Die im November vorigen Jahres ebenfalls dem Thema Armut gewidmete EKD-Synode hat dieses in der Denkschrift benannte Problem aufgegriffen und zum Gegenstand eines Beschlusses gemacht. Die EKD-Synode ruft alle Gemeinden auf, sich durch ein Projekt zur Armutsüberwindung und Armutsvermeidung zu profilieren und Gemeindepartnerschaften zwischen wohlhabenden und ärmeren Gemeinden zu bilden.
Dass es Bereitschaft gibt, sich für solche Projekte zu engagieren, habe ich in meiner Arbeit für die Diakonie in Hamburg persönlich erfahren:
Gemeinsam mit einer Selbsthilfegruppe von Obdachlosen gründeten wir 1993 nach einem Londoner Vorbild die Straßenzeitung „Hinz & Kunzt“, die inzwischen in vielen Städten Nachfolger gefunden hat. Wenige Monate nach dem erfolgreichen Start besuchte mich eine begeisterte Leserin der neuen Zeitung. Sie war Journalistin und ihr Mann Architekt. Temperamentvoll trug sie mir ihre neue Idee vor: Obdachlose brauchten vor allem ein Dach über den Kopf. Sie sagte in etwa: „Ihr müsst die alte Idee der Gotteswohnungen wiederbeleben. Im Mittelalter baute man doch an die Kirchen kleine Zeilen von Buden an und ließ dort die Armen der Gemeinde ohne Miete - für Gotteslohn – wohnen. Hat Jesus nicht gelehrt: ‚Wer sein Leben verliert um meinetwillen, der wird es gewinnen.’ Dies gilt auch für die Kirche als ganze. Die Kirche hat in Hamburg rund um die 200 Kirchengebäude kleine Grünzonen. Warum könnt ihr nicht mit den obdachlosen Menschen teilen und solche Gottesbuden neben den Kirchen errichten?“
Etliche Gemeinden in Hamburg – arme ebenso wie reiche – ließen sich für diese Idee begeistern. Es entstanden 29 Häuschen. Wir nannten Sie Kirchenkaten. Jede 18 m² groß, mit kleiner Veranda und dem lange vermissten Briefkasten. Auch viele Spender konnten wir für dieses einleuchtende Projekt gewinnen. Max Schmeling etwa stiftete für jede neue Kate 10.000,-- DM.
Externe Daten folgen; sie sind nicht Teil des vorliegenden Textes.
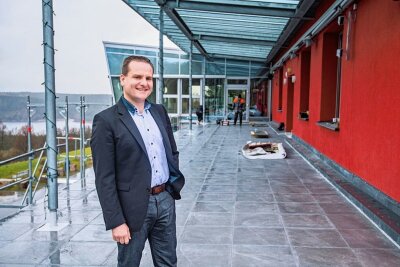 Kein Personal: Eibenstocker Hotelchef schließt vorerst Panoramarestaurant - Die Terrasse vom Hotel Am Bühl in Eibenstock wird derzeit erneuert. Weitere Modernisierungsmaßnahmen sind laut Geschäftsführer Ralf Schibelius für das laufende Jahr geplant.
Die erste Eröffnungsfeier war besonders bewegend. Einer der Bewohner erzählte mir von seinen 17 Jahren ohne Dach über dem Kopf. Mindestens einmal in der Nacht müßte er raus, um nach den Sternen zu sehen. Ob er ein ganzes Jahr durchhalten werde, wisse er nicht. Vielleicht müsse er doch einmal 14 Tage Urlaub von der Kate nehmen.
Als wir im vergangenen Jahr das 10-Jahre-Jubiläum der Kirchenkaten feierten, waren alle Gemeinden überzeugt, dass es sich gelohnt habe. Wir konnten helfen und mancher Neuanfang gelang.